There are some wonderful food descriptions in Gone with the Wind.

And two books, anthologies, come to mind. (I own the first and have just ordered the second one, for which I am paying one cent. One penny.)

The Ravenous Muse

Food Tales: A Literary Menu of Mouthwatering Masterpieces (out of print but widely available)...

Includes these and others:

Yesterday's Sweetmeats -- by Robert Benchley

A Vitcomte's Breakfast -- by Alexandre Dumas

The Luncheon -- by W. Somerset Maugham

The Man who Loved to Eat -- by William Maxwell

The Spoiled Cake -- by Jules Renard (trans. Ralph Manheim)

Tortillas and Beans -- by John Steinbeck

The Power of Cookery -- by Sylvia Townsend Warner

His Father's Earth -- by Thomas Wolfe

How about Anthony Bourdain's top ten food books?

Jim Crace's books are often food centric. From The Devil's Larder:

Someone has taken off -and lost- the label on the can. There are two glassy lines of glue with just a trace of stripped paper where the label was. The can’s batch number -RG2JD 19547- is embossed on one of the ends. Top or bottom end? No one can tell what’s up or down. The metal isn’t very old.

They do not like to throw it out. It might be salmon - not cheap. Or tuna steaks. Or rings of syruped pineapple. Too good to waste. Guava halves. Lychees. Leak soup. Skinned, Italian plum tomatoes. Of course, they ought to open up the can and have a look, and eat the contents there and then. Or plan a meal around it. It must be something that they like, or used to like. It’s in their larder. It had a label once. They chose it in the shop.
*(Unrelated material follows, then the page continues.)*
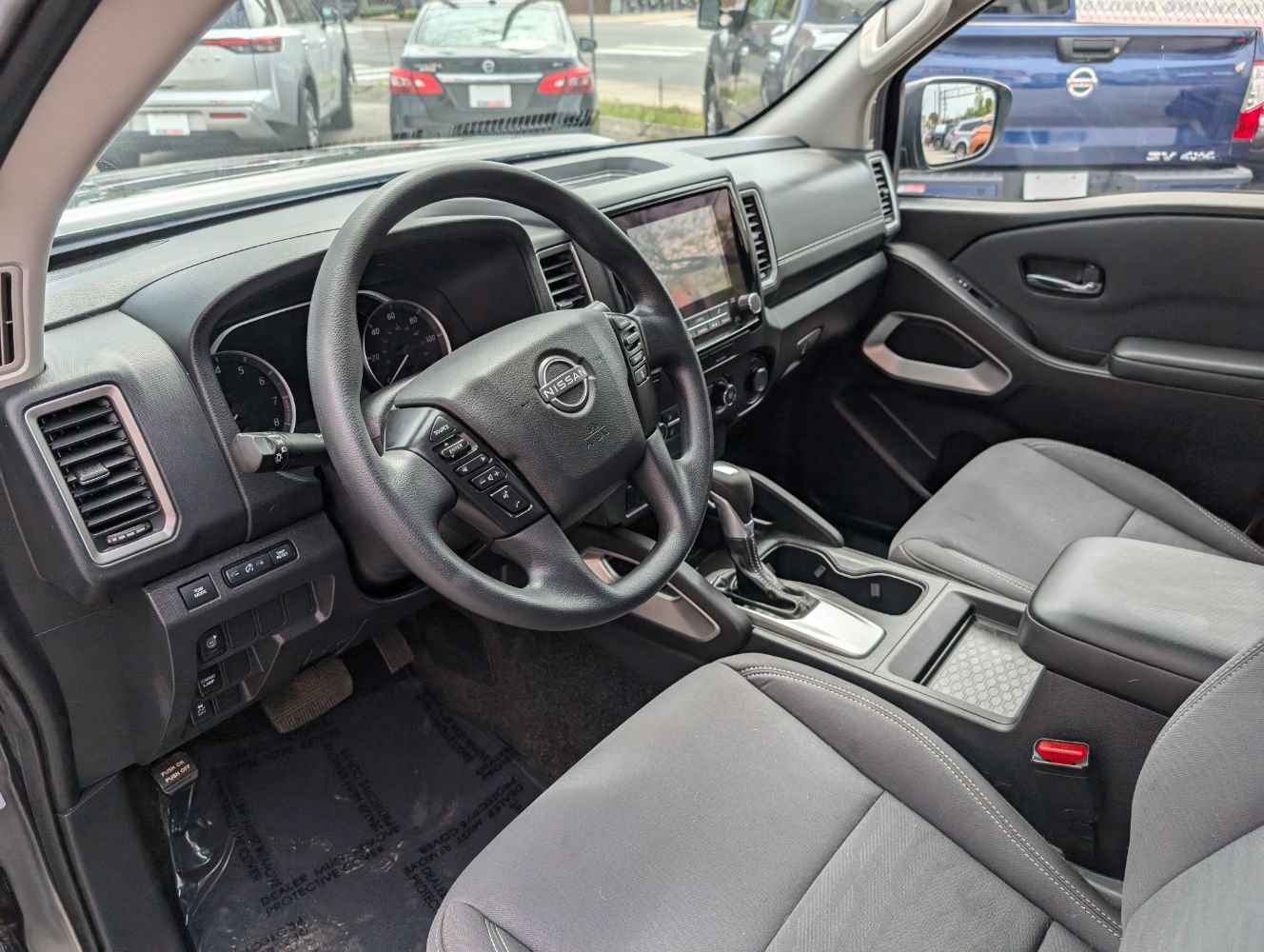 Used 2022 Nissan Frontier SV w/ Technology Package RWD image 12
They shake the can against their ears. They sniff at it. They compare it with the other cans inside the larder to find a match in size and shape. But still they cannot tell if it is beans or fruit or fish. They are like children with unopened birthday gifts. Will they be disappointed when they open up the can? Will it be what they want? Sometimes their humour is macabre: the contents are beyond description -baby flesh, sliced fingers, dog waste, worms, the venom of a hundred mambas- and that is why there is no label.

One night when there are guests and all the wine has gone, they put the can into the candle light amongst the debris of their meal and play the guessing game. An aphrodisiac, perhaps; “Let’s try.” A plague. Should they open up and spoon it out? A tune, canned music, something never heard before that would rise from the open can, evaporate, and not be heard again. The elixir of youth. The human soup of DNA. A devil or a god?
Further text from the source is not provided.